Oil prices rose on last week but were still on track for a second straight weekly loss on concerns that an OPEC-led production cut has failed to significantly tighten an oversupplied market.
U.S. West Texas Intermediate (WTI) crude was at USD49.43 per barrel at 0649 GMT, up 46 cents, or 0.94 percent, from their last close. However, WTI is still set for a small weekly loss and is around 8% below its April peak.
Brent crude was at USD51.91 per barrel, up 47 cents, or 0.91 percent. Brent is almost around 8.5 percent down from its April peak and is also on track for a second, albeit small, week of declines.
Traders stated that Friday’s rises came on the back of OPEC saying it was keen to discover a deal that would secure a drawdown of excess fuel supplies.

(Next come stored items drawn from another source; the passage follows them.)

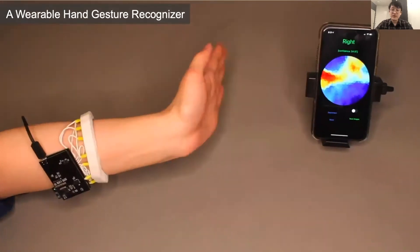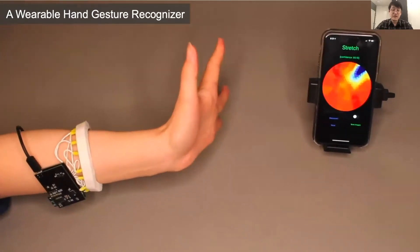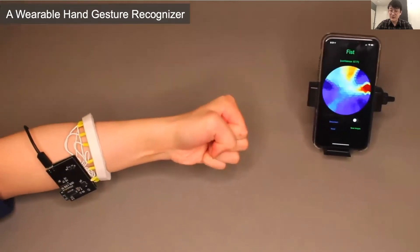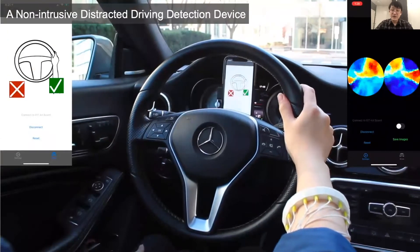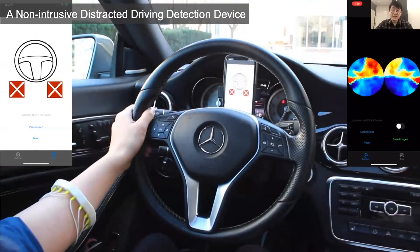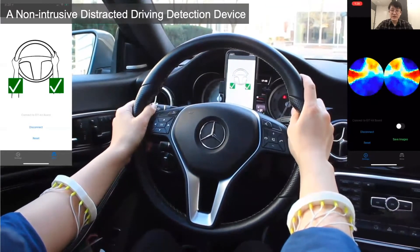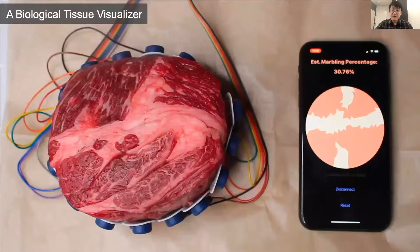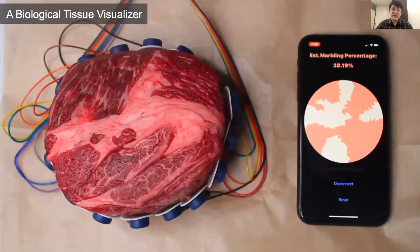We also built a wearable hand gesture recognizer. This application demonstrates that EIT Kit can help users quickly prototype EIT devices for classic EIT applications such as gesture recognition, which is one of the main benefits of a toolkit. Next is a non-intrusive distracted driving detection device. This EIT device can identify which hand of the user is on the steering wheel while driving, and can also monitor driving habits and remind users to switch hands to avoid pain on long drives if one hand is overused. Finally, to demonstrate EIT Kit's capability of sensing biological tissues, we built a biological tissue visualizer where a cross-cut piece of meat is used to closely emulate human tissue.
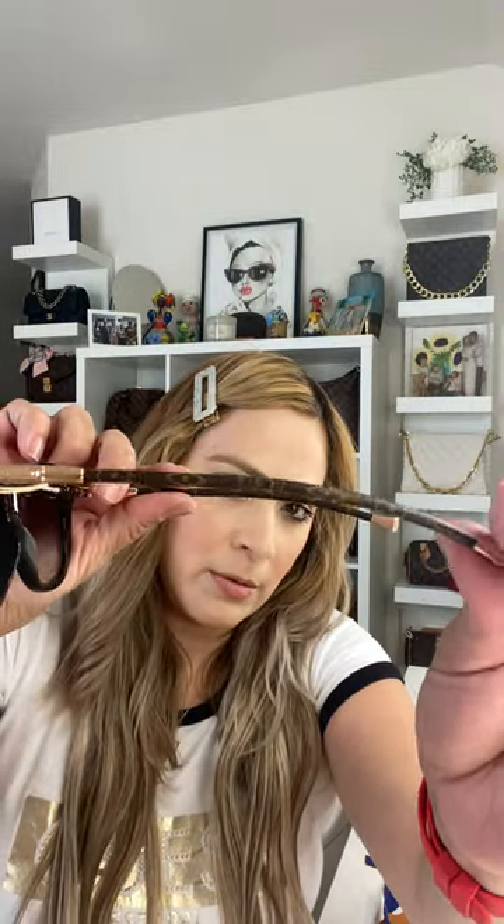It's like a cat eye design in black. They also have brown. The legs are like monogram — the monogram trunk print. Really nice. Let me put them on and wear them to see how they look. You're beautiful!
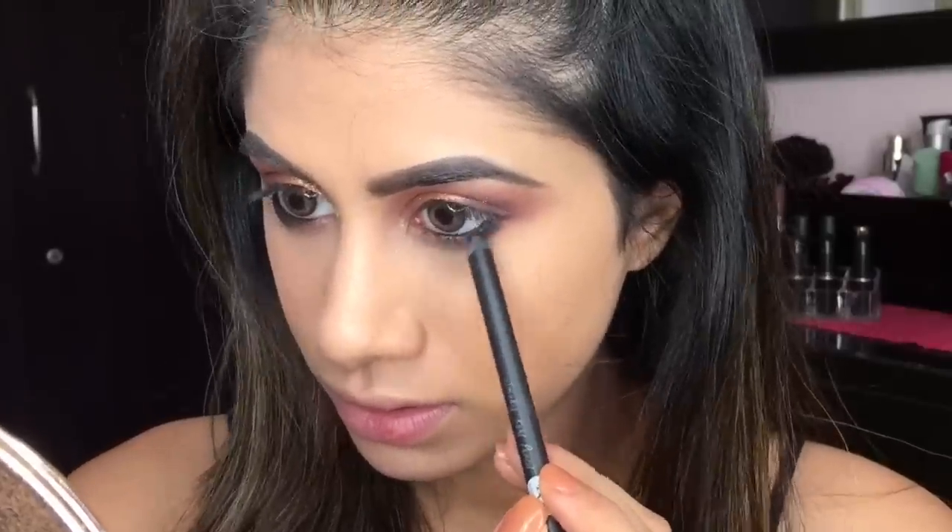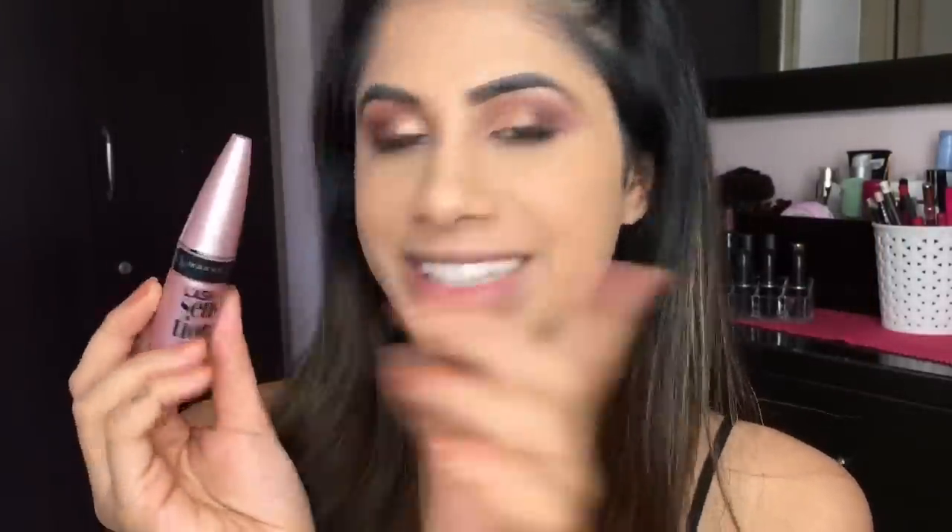I'm going to take my Bharat and Doris kajal and put it in my waterline. If you want a winged liner you can totally rock that, but I personally feel liner closes my eyes off. So I'm just going to apply some mascara — this is the Maybelline Lash Sensational — and then put on some lashes.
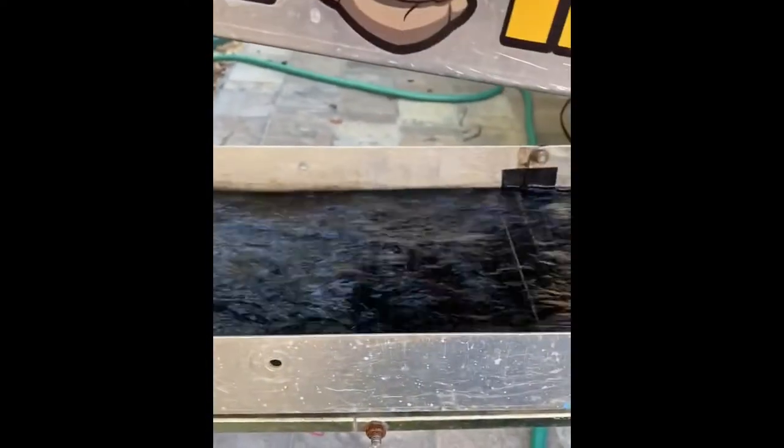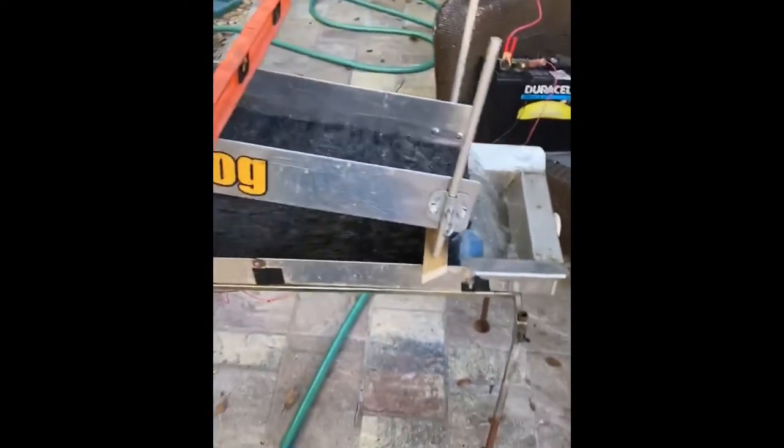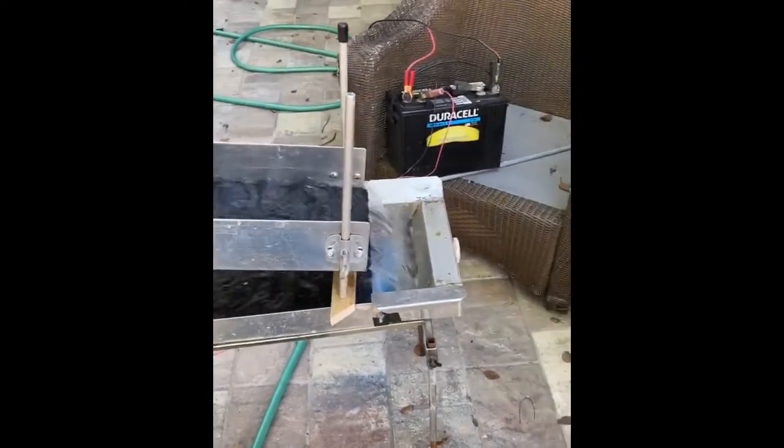Nice and smooth, wider down here. This is a ten inch cross, this is only an eight. Pretty cool — see what happens.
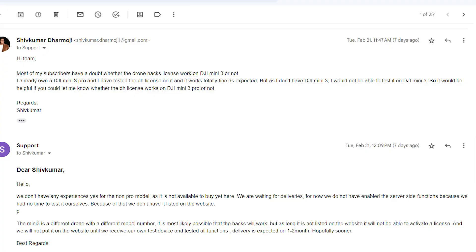The third question: when drone hacks is not working on DJI Mini 3, what is the current solution? To be honest, we don't have any solution for the DJI Mini 3 right now. Drone hacks also does not have a solution, but as shown in the conversation on screen, they confirmed they will come up with a DJI Mini 3 license within one or two months. Until then, do not use the DJI Mini 3 Pro license for your DJI Mini 3.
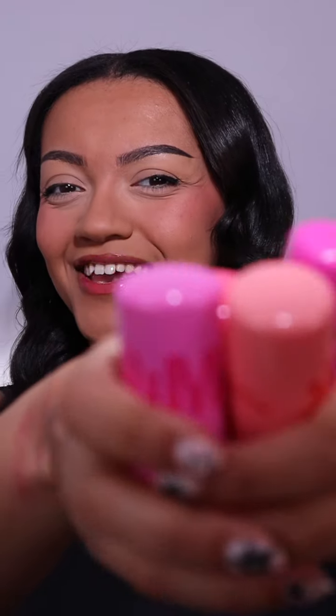Apply a little bit of blush, a little bit of matching lip, and you're good to go. If you're looking for a new tinted blush — these. Just take them. I love them.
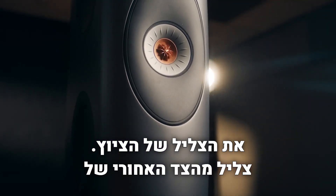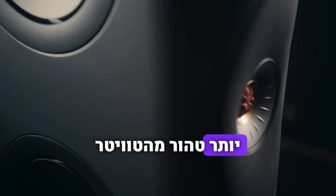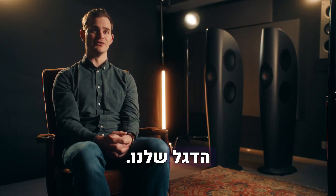Sound from the back of the tweeter goes into the Metamaterial and just disappears — it doesn't come out. That gives us a much purer sound from the tweeter than we've been able to achieve in the past. And we're really excited to bring this into our flagship series of products.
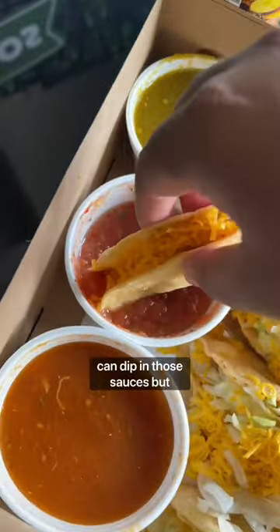What I like to do right here is dip it in those sauces. The green oil is definitely the spiciest. Let me know what y'all think about this.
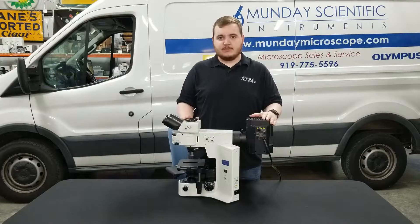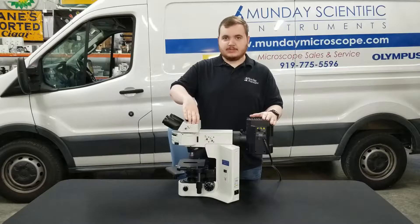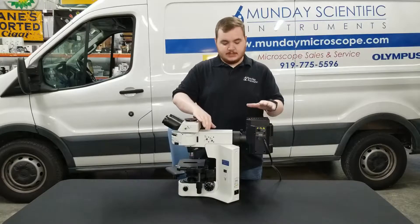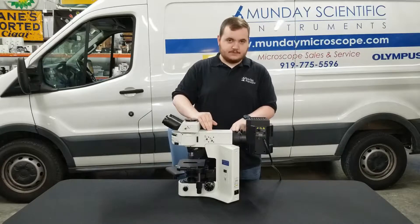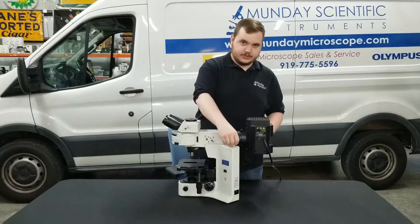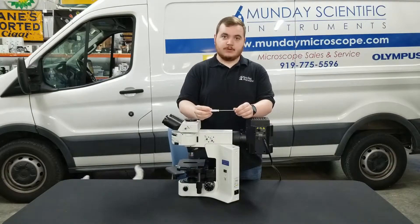To start off I'm going to point out some of the basic components you need to be able to recognize. This component on top is the head, then on the back we have the lamp house itself. Here is the flange that connects the lamp house with the fluorescent illuminator, and the most important piece is this little wrench right here — this is what we're going to be using to take the components off.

The Organization of the Petroleum Exporting Countries (OPEC) and other producers including Russia originally pledged to cut output by almost 1.8 million barrels per day (bpd) only during the first half of the year. But OPEC has come under pressure to extend the cuts to cover all of 2017 in order to counter bulging supplies elsewhere.
“OPEC, effectively said the production cut will be extended, meeting the reality of the restart of a big Libyan oil field and the continued expansion of U.S. shale oil,” asserted Greg McKenna, chief market strategist at futures brokerage AxiTrader.
The ongoing supply overhang is in part due to surging U.S. production, which has risen by 10 percent since mid-2016 to 9.27 million bpd.
Consultancy Rystad Energy anticipates U.S. shale oil output to grow by 100,000 bpd each month for the rest of this year and into 2018, well above estimates by the U.S. Energy Information Administration for monthly gains of about 29,000 bpd in 2017 and 57,000 bpd in 2018.
Outside the United States, growing output in Libya, an OPEC-member exempt from the cuts, was adding to plentiful supplies.
ANZ bank said that OPEC was under pressure to extend the cuts.
“Even though inventories have started to fall, they remain at elevated levels. Stocks have settled into the 62-65 days consumption or approximately 2.98 billion barrels,” ANZ bank said in a note on Friday.
This compares with the five-year average of 55 days’ worth of consumption that Saudi Arabia wants to achieve.
In order to achieve this, ANZ said it expected OPEC to extend its cuts beyond the first half of 2017, although it added that “there is some risk that non-OPEC producers (such as Russia) may balk at the suggestion.”